Was kann die Linke stattdessen tun?
Man muss diese Empörung analysieren: Ein bedeutender Teil der Bevölkerung rebelliert, vielleicht auf fragwürdige Weise, aber er rebelliert. Ist das nicht die notwendige Voraussetzung für einen Bruch mit dem Konsens der Passivität, auf den die Politik bisher bauen konnte? Im Protagonismus der Bewegungen steckt das Bedürfnis nach einem Antagonismus.
Die Proteste gegen Montis Renten- und Arbeitsmarktreformen haben in den vergangenen Wochen an Schärfe gewonnen. Der Streik der LKW-Fahrer hat insbesondere den Süden Italiens lahmgelegt. Die Anpassung an die sogenannten europäischen Standards verläuft nicht reibungslos.
Italien weist einerseits Elemente einer quasi pathologischen Rückständigkeit auf, andererseits gibt es in Italien die fortschrittlichsten demokratischen Errungenschaften. Wir sind in eine Phase eingetreten, in der es um die Frage geht, was vom europäischen Sozialstaatsmodell übrig bleibt. Die neoautoritären Oligarchien haben ein präzises Ziel: Die Rückeroberung jener Freiräume, die dem Kapital durch Klassenkämpfe und erfolgreiche linke Politik in der Vergangenheit abgerungen worden sind. Da die italienische Arbeiterklasse sehr stark war, fällt die kapitalistische Revanche hier besonders hart und bitter aus.
Die Proteste zeichnen sich nicht immer durch emanzipatorische Forderungen aus, es werden auch nationalchauvinistische und rassistische Ressentiments geschürt. Besteht die Gefahr, dass sich der rechtspopulistische Mob organisiert?
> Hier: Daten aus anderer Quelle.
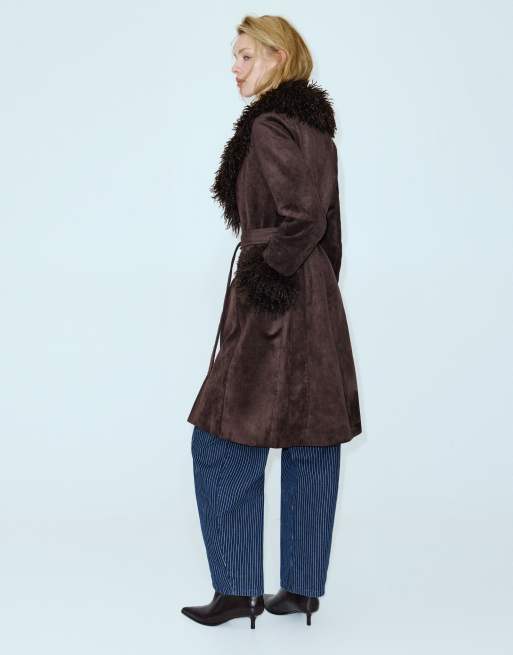 Pull&Bear figursydd kappa i mockaimitation i brun, 2 av 6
Zweifellos produzieren die technokratischen Ordnungen, die überall in Europa installiert werden, die Gefahr, dass die gesellschaftlichen Verwerfungen zu einem neuen Rechtspopulismus führen. Dabei scheint mir die Gefahr einer Ausweitung der traditionellen Sphäre der Rechten geringer, als das rechtspopulistische Abdriften von Kräften, die traditionell der Linken angehören. Weil es keine organisierte politische Linke gibt, die auf die sozial begründeten Rebellionen zu reagieren versteht, könnten die Revolten in eine undifferenzierte Totalopposition umschlagen. Das gilt übrigens nicht nur für Italien, sondern für ganz Europa. Doch einmal mehr glaube ich, dass nur die sozialen Bewegungen die Möglichkeit haben, diese Gefahr abzuwehren. Sie besetzen denselben Platz, den auch der Rechtspopulismus für sich beansprucht. Deshalb sind die sozialen Bewegungen oft so ambivalent, in der Sphäre der Revolte findet sich alles. Die Aufgabe einer Linken, die zu neuem Leben erwachen will, besteht nicht darin, den klugen Lehrmeister zu spielen, sondern in die Bewegungen hineinzugehen, ihre unterschiedlichen Sprachen und Kulturen zu verstehen und nach Verbindungen zu suchen.
Sehen Sie im Moment Ansätze, dass sich verschieden Gruppierungen zu einer starken oppositionellen Kraft verbinden?
In Italien ist es der Metallgewerkschaft Fiom gelungen, mit der Schüler- und Studentenbewegung zu kooperieren. Das Bündnis stellt sich im Namen eines alternativen Produktions- und Demokratiemodells gegen den Versuch, den Konflikt aus den Fabriken zu verbannen und die Subjektivität der Arbeiter auszulöschen. Weitere Brücken zu bauen und die Autonomie des Konflikts zu verteidigen, scheint mir aktuell die größte Herausforderung.